> _TASK ITEM_:
Check each line of the data below for the string "Best", then report how many lines have it and nothing else.

──────── ENTRIES SUPPLIED ────────

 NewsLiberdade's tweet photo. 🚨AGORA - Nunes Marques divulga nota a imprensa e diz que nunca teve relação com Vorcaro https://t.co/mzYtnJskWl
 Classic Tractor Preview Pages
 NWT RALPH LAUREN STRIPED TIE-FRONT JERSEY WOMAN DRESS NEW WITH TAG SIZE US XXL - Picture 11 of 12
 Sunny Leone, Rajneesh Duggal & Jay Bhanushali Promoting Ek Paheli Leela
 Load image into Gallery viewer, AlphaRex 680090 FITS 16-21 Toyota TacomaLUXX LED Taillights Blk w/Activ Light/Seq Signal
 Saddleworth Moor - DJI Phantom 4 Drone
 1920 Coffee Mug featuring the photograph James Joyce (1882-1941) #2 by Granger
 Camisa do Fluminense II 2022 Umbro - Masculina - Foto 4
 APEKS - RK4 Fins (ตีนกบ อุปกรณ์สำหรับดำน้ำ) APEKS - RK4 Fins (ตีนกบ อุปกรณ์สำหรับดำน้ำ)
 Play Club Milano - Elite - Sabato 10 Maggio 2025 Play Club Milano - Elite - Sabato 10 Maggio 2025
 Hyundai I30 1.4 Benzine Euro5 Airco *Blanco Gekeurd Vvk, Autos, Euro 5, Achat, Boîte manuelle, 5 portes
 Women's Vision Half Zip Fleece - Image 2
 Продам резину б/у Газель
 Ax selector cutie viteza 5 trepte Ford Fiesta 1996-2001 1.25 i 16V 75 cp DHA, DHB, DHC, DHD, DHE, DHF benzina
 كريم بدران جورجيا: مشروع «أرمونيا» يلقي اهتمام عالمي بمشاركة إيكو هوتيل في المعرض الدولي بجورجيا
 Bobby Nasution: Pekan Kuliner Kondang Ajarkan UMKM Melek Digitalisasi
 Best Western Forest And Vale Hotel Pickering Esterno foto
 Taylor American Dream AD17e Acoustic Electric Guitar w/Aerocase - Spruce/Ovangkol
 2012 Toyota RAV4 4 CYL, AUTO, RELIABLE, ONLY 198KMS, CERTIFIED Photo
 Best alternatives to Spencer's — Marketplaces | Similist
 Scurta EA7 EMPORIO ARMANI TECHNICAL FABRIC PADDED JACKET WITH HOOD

────────

> _RESPONSE BELOW_:
2